Looking into this information placed upon the globe, the planet, as a make-up – in reference to the make-up on our faces – kind of like an easy read. “Cosmetics” comes from the word “kosmētikos”, which comes from the Greek word “kosmos”, which means to “reorganize.” It’s pretty straightforward, I think. I investigated on how to make cosmetics – like they sell in a store – and mimic that same process with dust (this is paper pulp, so it’s not safe to put it on your face). But I wanted to insert them in palettes, just like a makeup store, a display.

It was important for me that this cosmetic display would somehow have this earth material that could be found in the ground. Stone was a pretty direct answer. I started going to depots where they sell granite, but I also needed to make the circular cut to insert the palette, with the dust. No one has that kind of machine, except the people who engrave tombstones. So pretty much the process revealed itself: the palettes are inserted into headstones, and displayed as cosmetics, and the material in which they are embedded also carries some symbology.

Agustina Woodgate
Cosmética (2018)
Installation view
Courtesy of Spinello Projects (Miami)

Miami is a proving ground [for artists] – I use the word “proving” in the way bread needs to form and also the way in presenting evidence to form an idea. What are the most encouraging developments you’ve seen in the last few years for artists in Miami?

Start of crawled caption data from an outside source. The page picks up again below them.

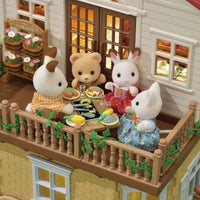 Calico Critters - Red Roof Grand Mansion Gift Set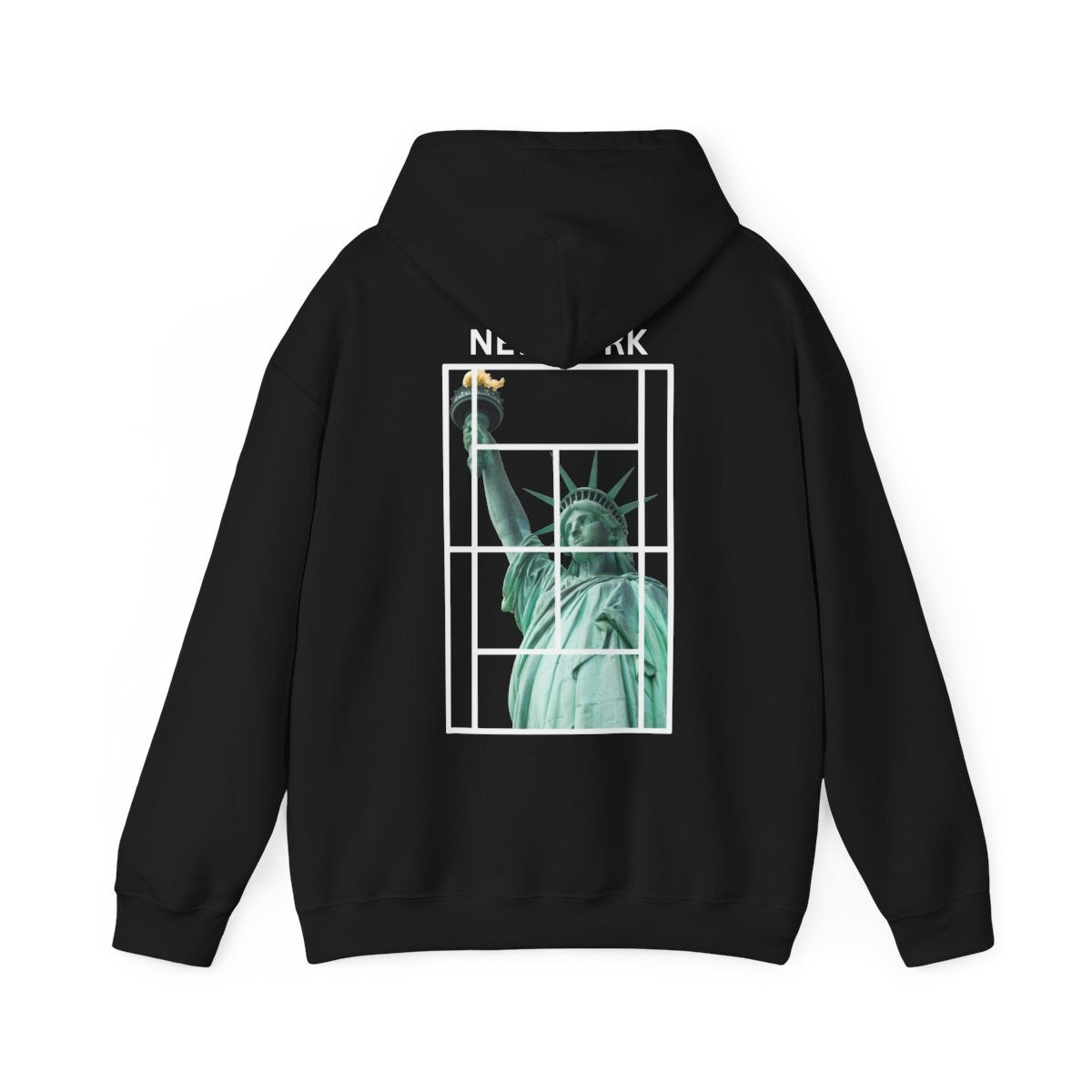 NEW YORK 2 - Tennis (Hoodie)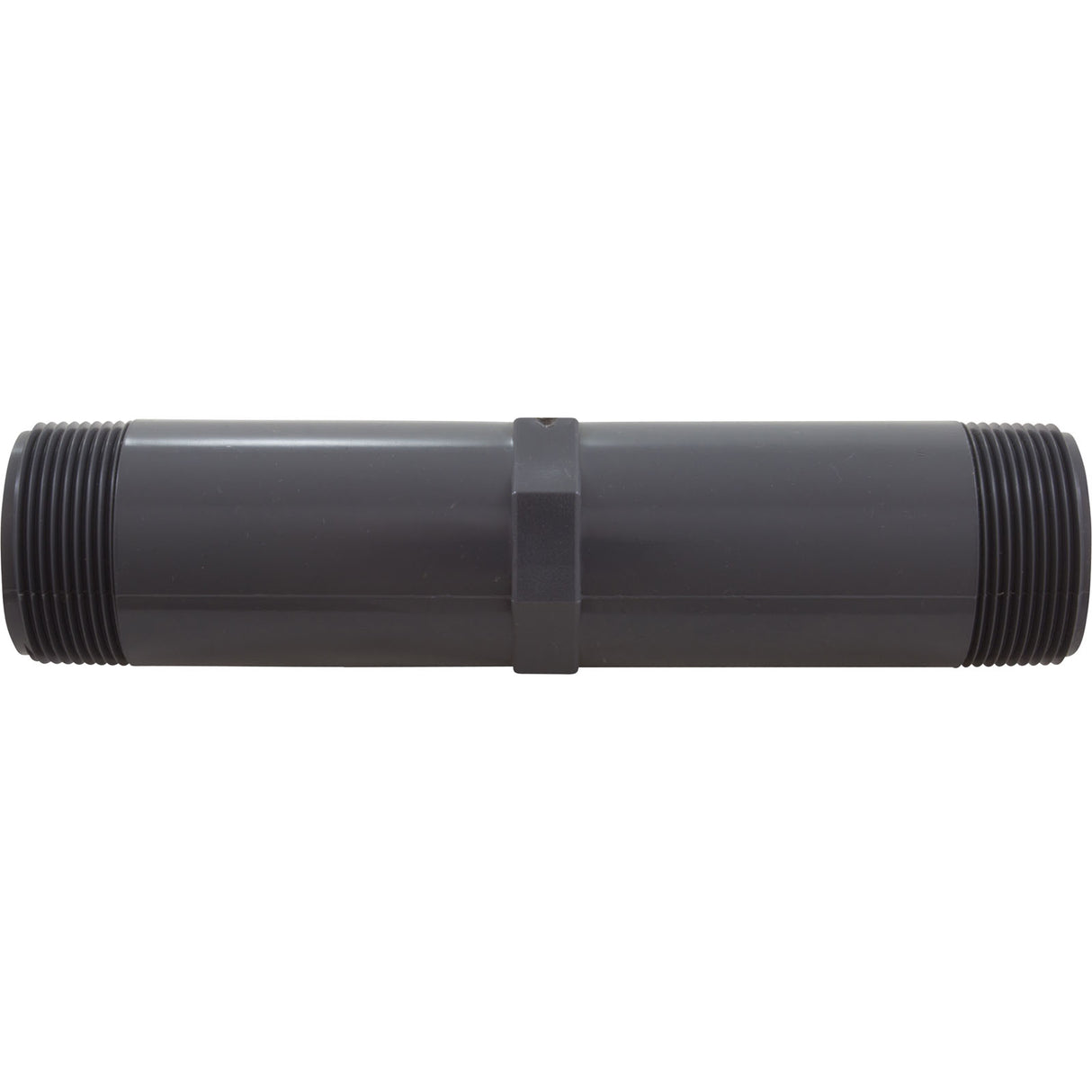 Nipple, 1-1/2" Male Pipe Thread x 8", SCH80 : 215-080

I’m not sure if it’s a development for the artist, or of the artist. Quite a lot of artists are working with climate change issues, ecological perhaps, experimentations and collaborations with scientists and local communities. Also themes of social segregation. I think this was something that perhaps was not so present ten years ago, when I first arrived. The community has grown quite a lot: some really great institutions and artist-run spaces and organizations that are somehow gearing the focus towards these topics.

Agustina Woodgate
Photo credit: Elliot Jimenez

Just a fun question: name some materials in your studio that you think you could never do without.

One hundred percent: dollies. I don’t think I can have a studio without dollies. A classic in my studio is sandpaper: all sorts of grains, of course, all sorts of colours, numbers, shapes. And music, for sure. A nice soundsystem. All sorts. I also really enjoy when other people share their music.